**WORK REQUIRED**
Transcribe exactly the lines from the first line of the records through the line containing "Άννα Μαρία και", and leave out every picture.

Caption-style text data:

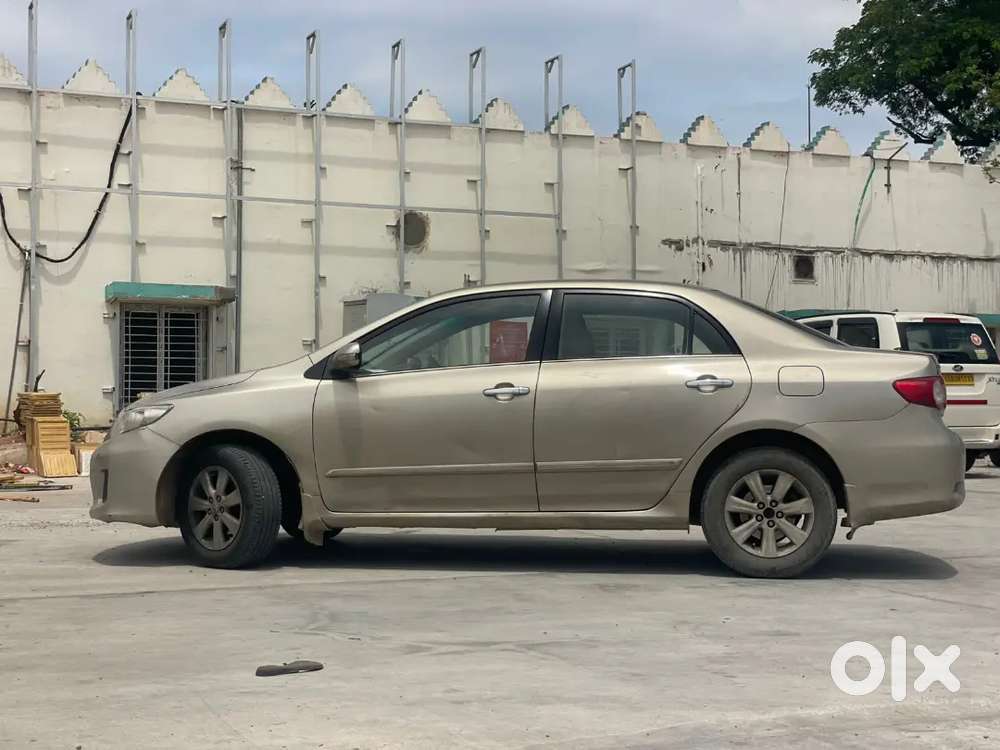 Toyota Corolla Altis D-4d 2011 Diesel Manual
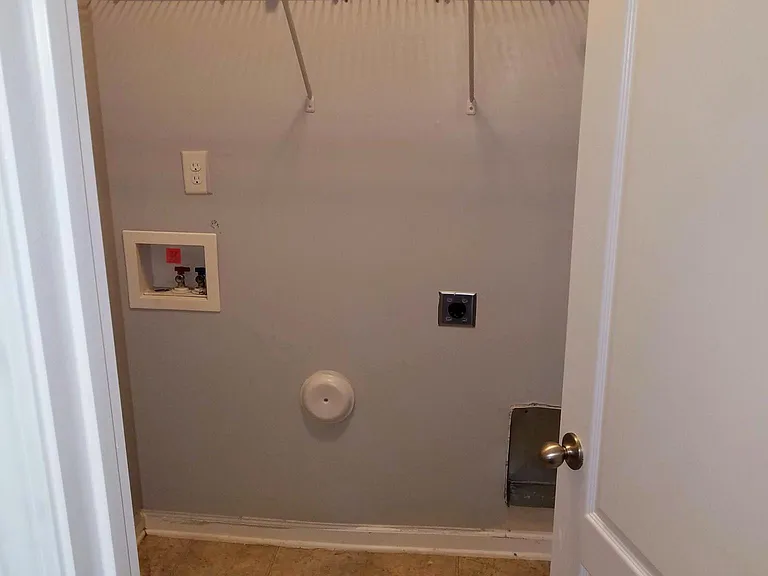 6835 Bone Creek Dr — Photo 12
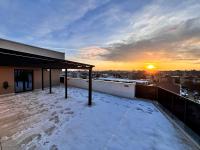 Unique Cozy Penthouses with Terrace and Suceava Magic View - B&B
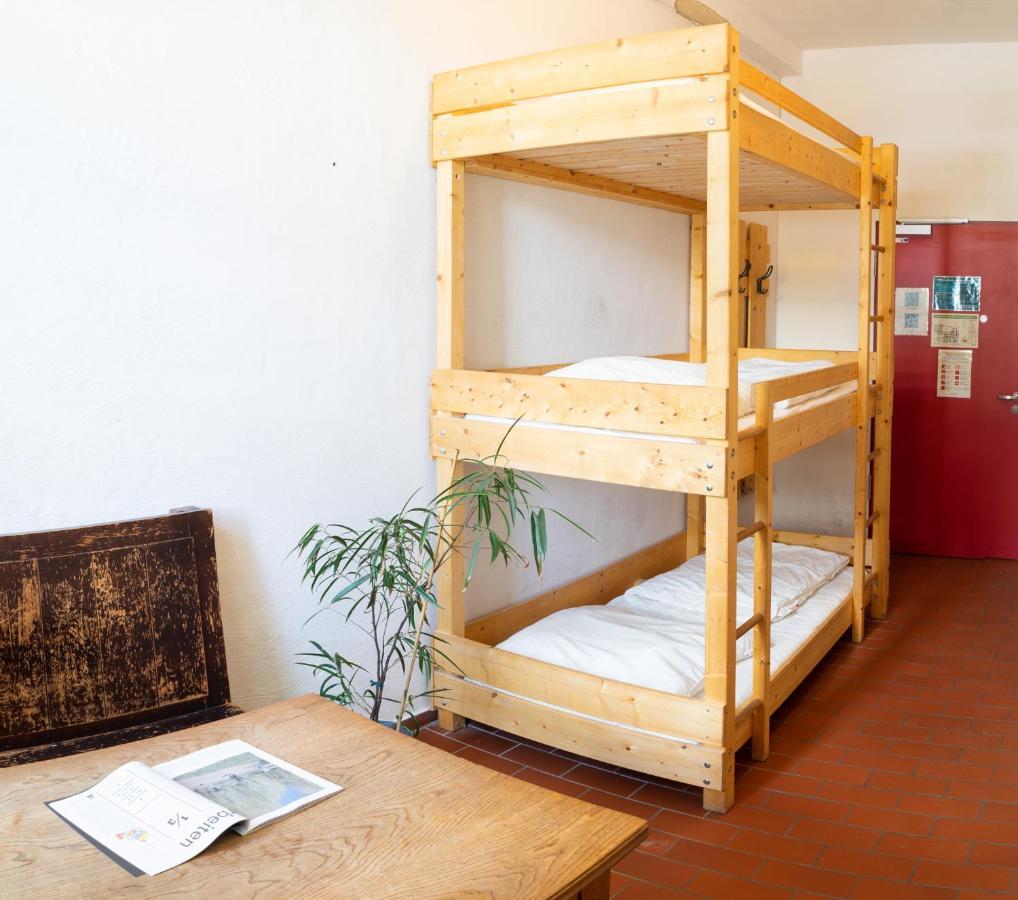 Subraum Hostel Росток Екстериор снимка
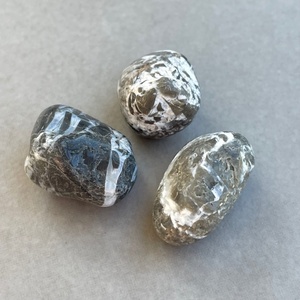 Products: Agate, Magpie (Tumbled) - The Crystal People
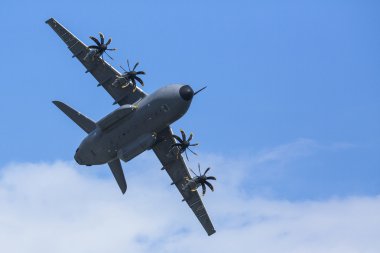 uçak airbus a400m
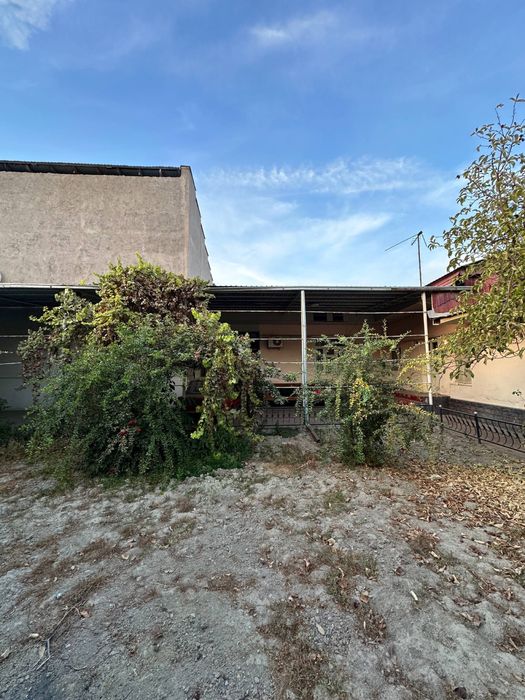 Yer sotiladi xonabod jokey 4 sotix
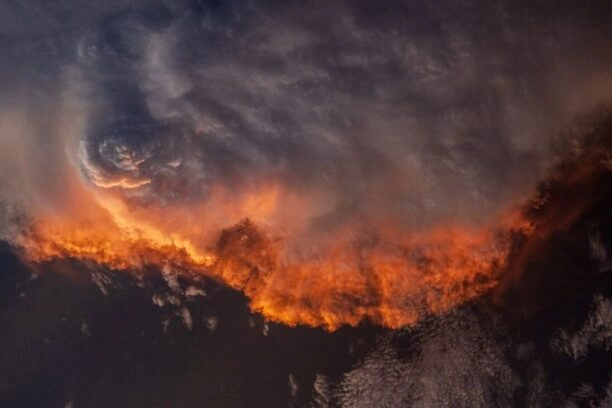 Feloranje wolk gefotografeerd vanuit het ISS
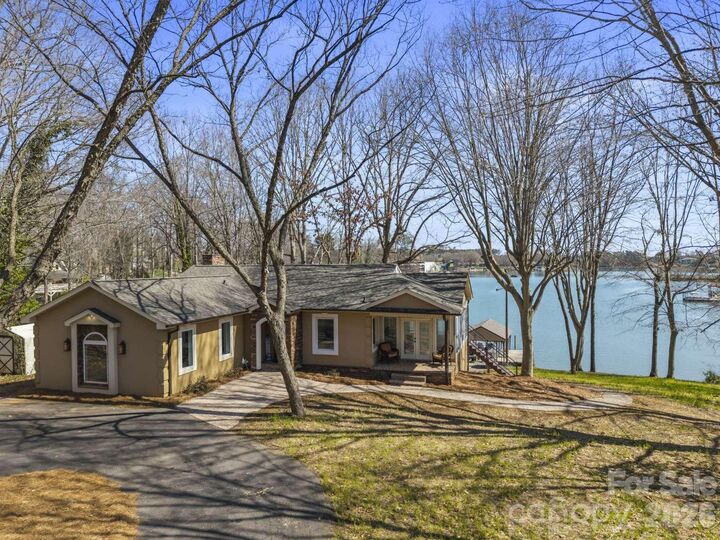 Property Photo: 4448 Hill Street NC 28673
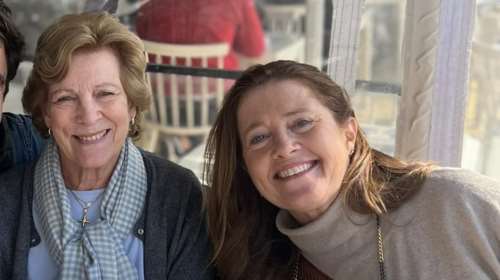 Άννα Μαρία και Αλεξία Ντε Γκρες: Χαλαρές σε ουζερί στην Αίγινα - To μενού από την ελληνική κουζίνα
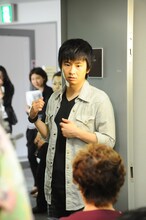 スカパー！「今年ヒットする海外ドラマ特集」のテレビCMに登場するオードリー若林。(c)スカパー！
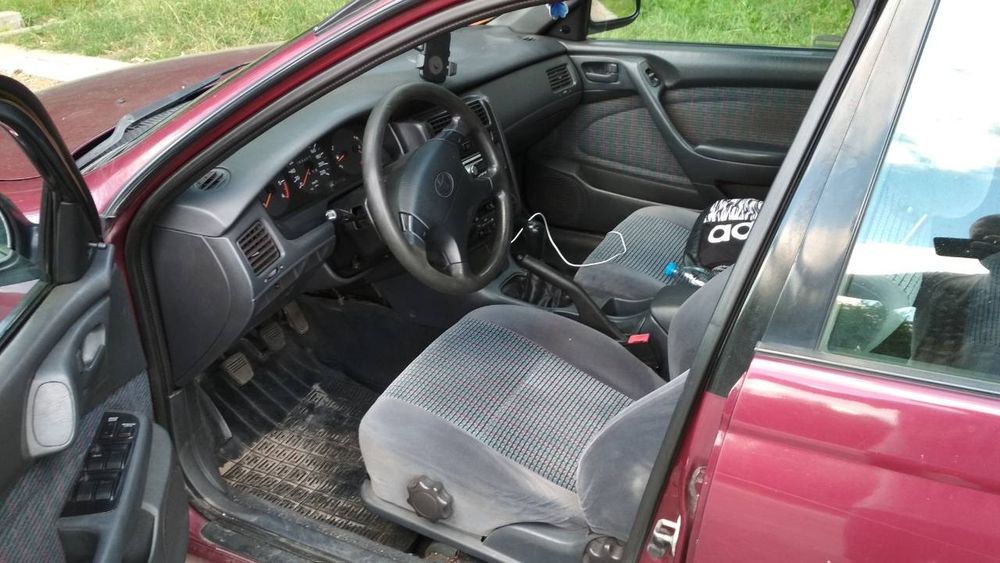 Тоета Карина е,  салон, запчати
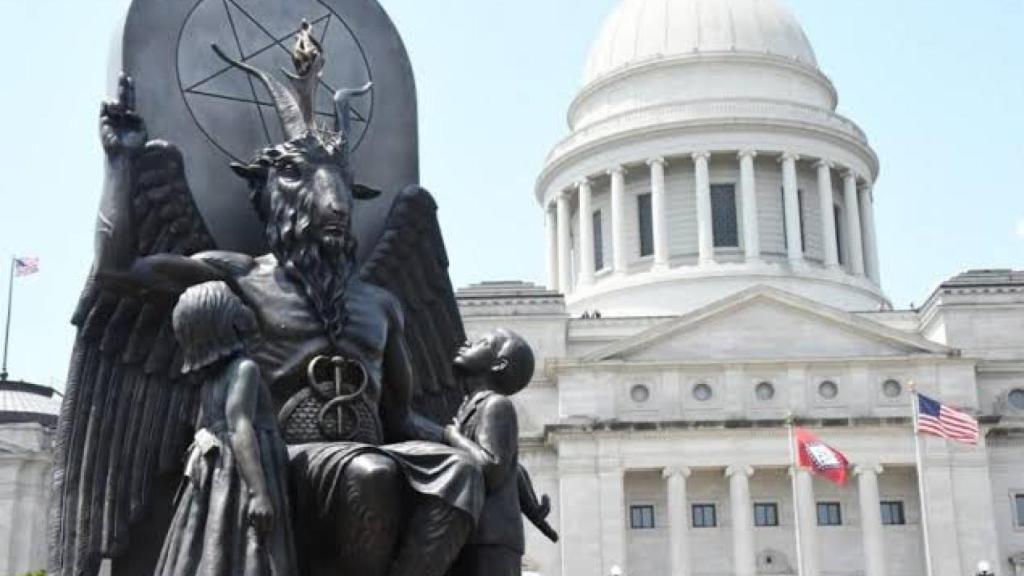 Estatua del demonio Baphomet en Arkansas, Estados Unidos.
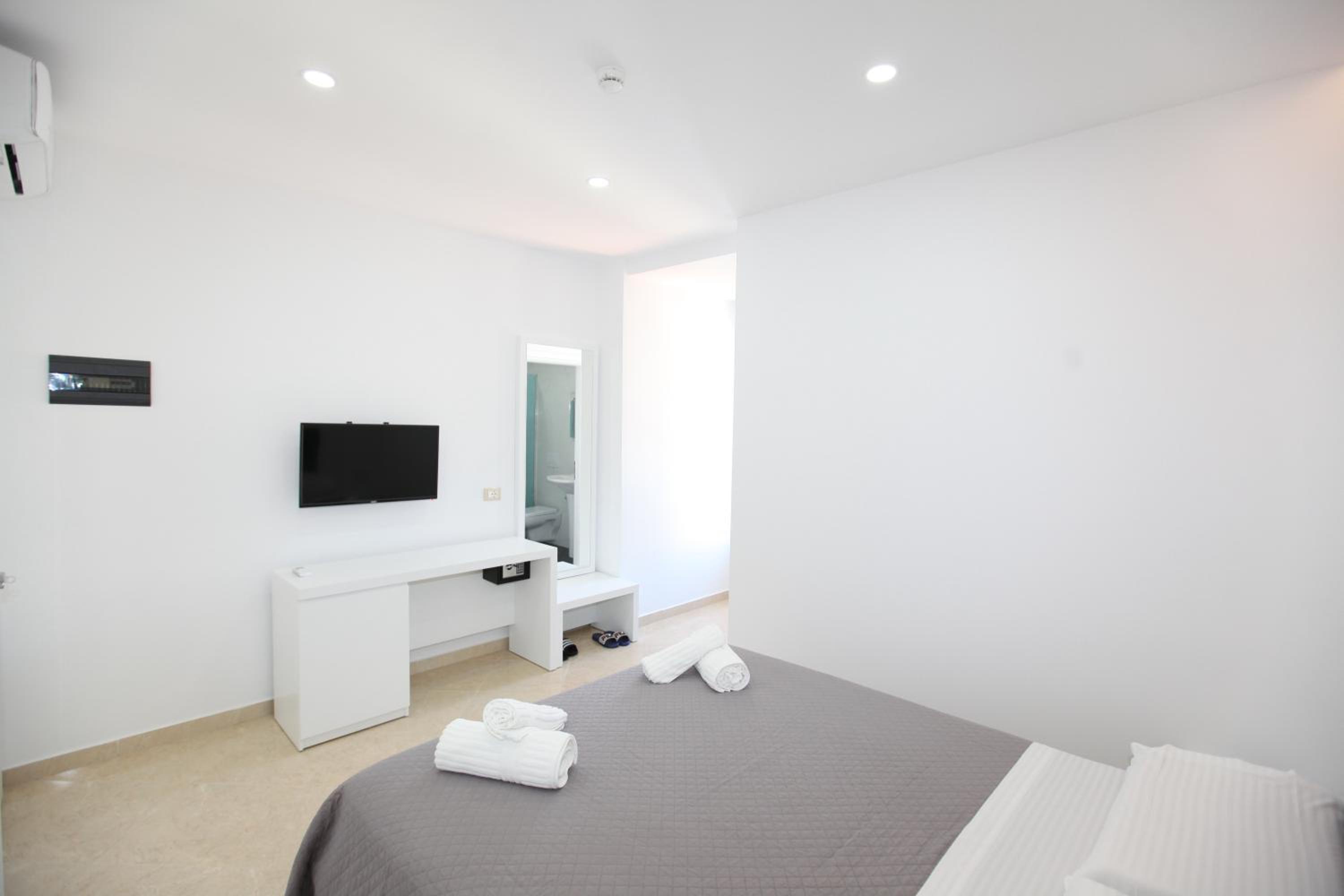 Nika Hotel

**EXERCISE OUTPUT**
 Toyota Corolla Altis D-4d 2011 Diesel Manual
 6835 Bone Creek Dr — Photo 12
 Unique Cozy Penthouses with Terrace and Suceava Magic View - B&B
 Subraum Hostel Росток Екстериор снимка
 Products: Agate, Magpie (Tumbled) - The Crystal People
 uçak airbus a400m
 Yer sotiladi xonabod jokey 4 sotix
 Feloranje wolk gefotografeerd vanuit het ISS
 Property Photo: 4448 Hill Street NC 28673
 Άννα Μαρία και Αλεξία Ντε Γκρες: Χαλαρές σε ουζερί στην Αίγινα - To μενού από την ελληνική κουζίνα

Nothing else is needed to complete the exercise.